These findings are indicated in the following screenshot:

Figure 14.19 – Analyzing the content of the PCAP

As the server is within the same network segment of the hotel and as suggested by the characteristics of the communication, it could be an initial attack vector and a potential target.

Although this panel is very useful to start an analysis, you can use tools that have more advanced functionalities—for example, to deobfuscate or decrypt content.

As this is a Windows executable file, we can send these packages to CyberChef to try to get the malicious file for further analysis.

Note

CyberChef is a very powerful tool that we can use to create recipes to simplify the removal of these two HyperText Transfer Protocol (HTTP) headers, giving us a clear visualization of the information that we need to save.

7. Click on the Send the transcript to CyberChef button, as shown in the following screenshot. This will open a new CyberChef tab on your web browser with the content of the PCAP:

Figure 14.20 – Sending the PCAP content to CyberChef

In the same way, you can also download the PCAP file to be analyzed in other network packet analysis applications such as Wireshark or NetworkMiner (you can learn how to use both tools in the Code in Action video).

To filter packages, you need to remove the HTTP content to leave only binary content in CyberChef:

1. In the Operations textbox, write the word strip to filter the options.
2. Drag the Strip HTTP headers field to the Recipe section.

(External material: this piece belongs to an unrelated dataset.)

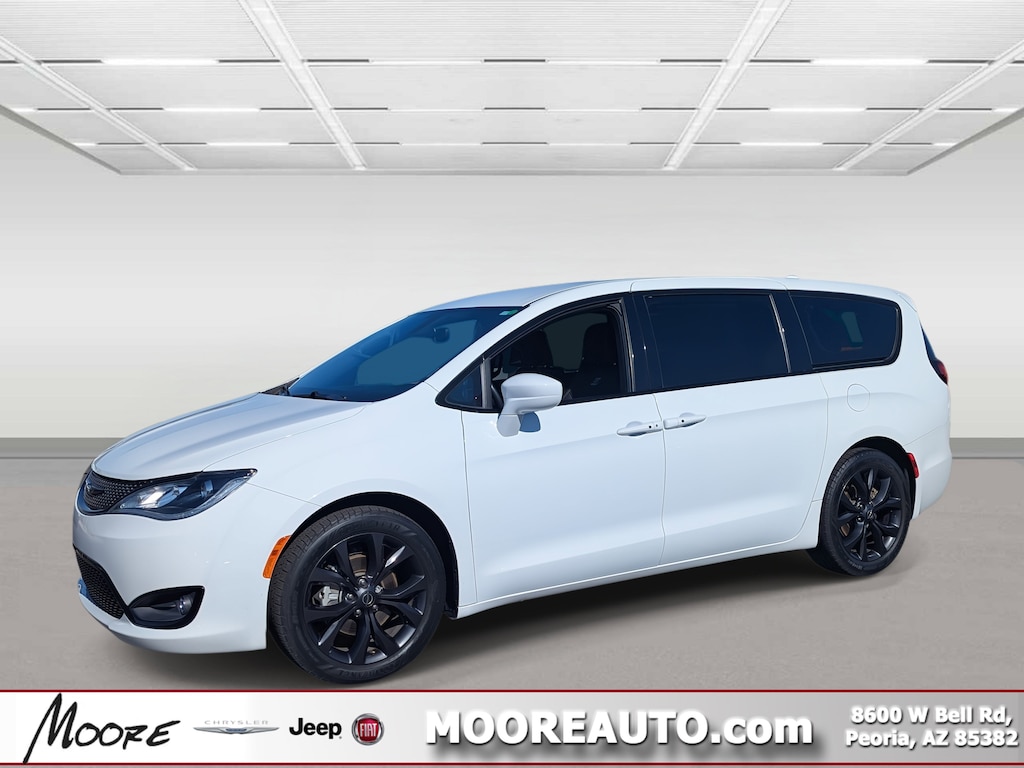 Used 2019 Chrysler Pacifica Touring Plus Van Passenger Van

This will remove the first HTTP header, then do this again to remove the second HTTP header. Now, you should be left with a line starting with MZ.
3. Click on the Save output to file button.
4. Change the name of the file to susp_file_01.dat and click the OK button to save the file.

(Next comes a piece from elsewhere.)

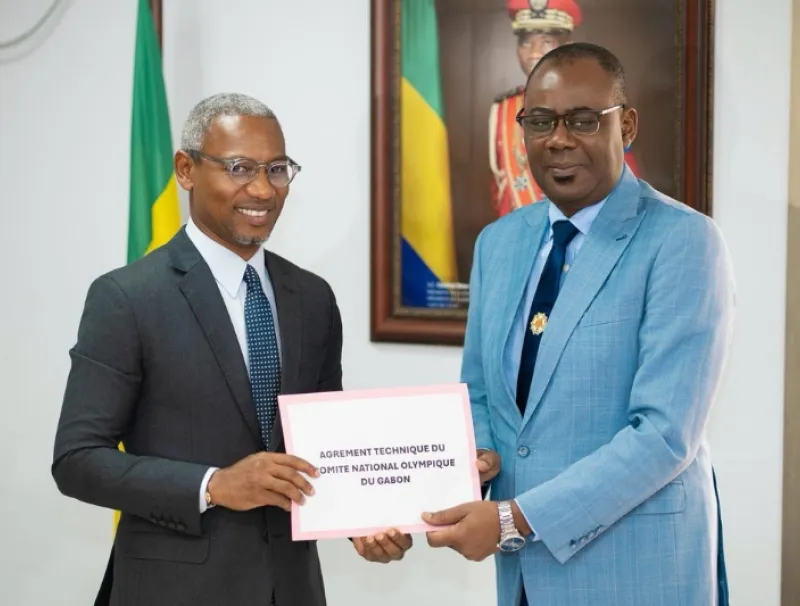 Paul KESSANY, ministre des sports et Florient Pangou-Mbembo, président du CNOG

The process is illustrated in the following screenshot:

Figure 14.21 – Saving the executable file

We now have the sample of potential malware, and we can review it to identify its functionality.

Note

You may need to disable Windows Defender beforehand because it could catch this malware sample.

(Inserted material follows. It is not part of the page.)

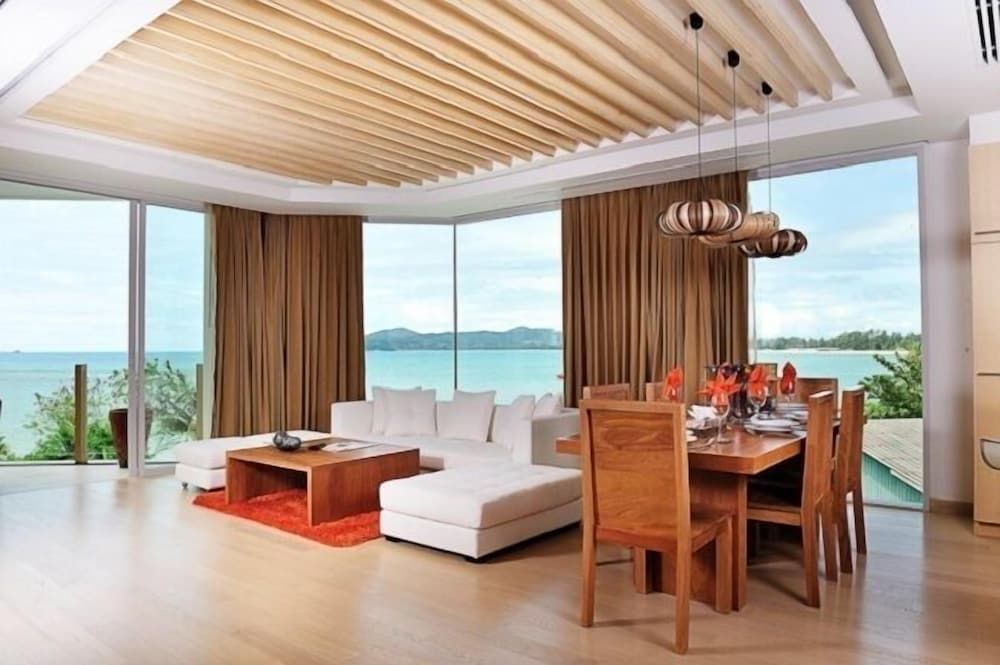 Beachfront Phuket Seaview Suites Grand Suite 10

5. Move the downloaded file to the following path: C:UsersInvestigatorWorkspaceLabsChapter-14.
6. Open pestudio.exe from C:UsersInvestigatorWorkspaceToolspestudio.
7. Drag the susp_file_01.dat file to the pestudio interface.

You will see the content of the binary file, as shown in the following screenshot:

Figure 14.22 – Analyzing the content of the susp_file_01.dat file

Here, you will find interesting things; for instance, on indicators, you will see section contents tagged as blacklisted or suspicious. You will also see a Uniform Resource Locator (URL) where this file could connect once executed.

8. Now, click on sections (entry-point), as shown in the following screenshot:

Figure 14.23 – Looking for suspicious sections (entry points)

You will see a suspicious and anomalous section called .ggiz. It is not common to find these types of sections in normal executable files.

9. Now, click on strings, and you will see a lot of strings within the file that can provide valuable information about the behavior or content of the file, as shown in the following screenshot:

Figure 14.24 – Identifying strings within a file

Note

Sometimes, malware can be packaged in such a way that the number of strings that can be identified is very small and may not provide much information.

Some strings displayed show indicators related to programs generated in Metasploit. Additionally, you can see the URL to which this malicious file would try to connect.

10. Scroll down in the strings section to find other relevant information.

At this point, it would be a good idea to create a YARA rule from this file to search on other devices on your network to see whether this file is present and ascertain the number of devices compromised with this implant. This is an important step in the first two phases of IR: identify and contain.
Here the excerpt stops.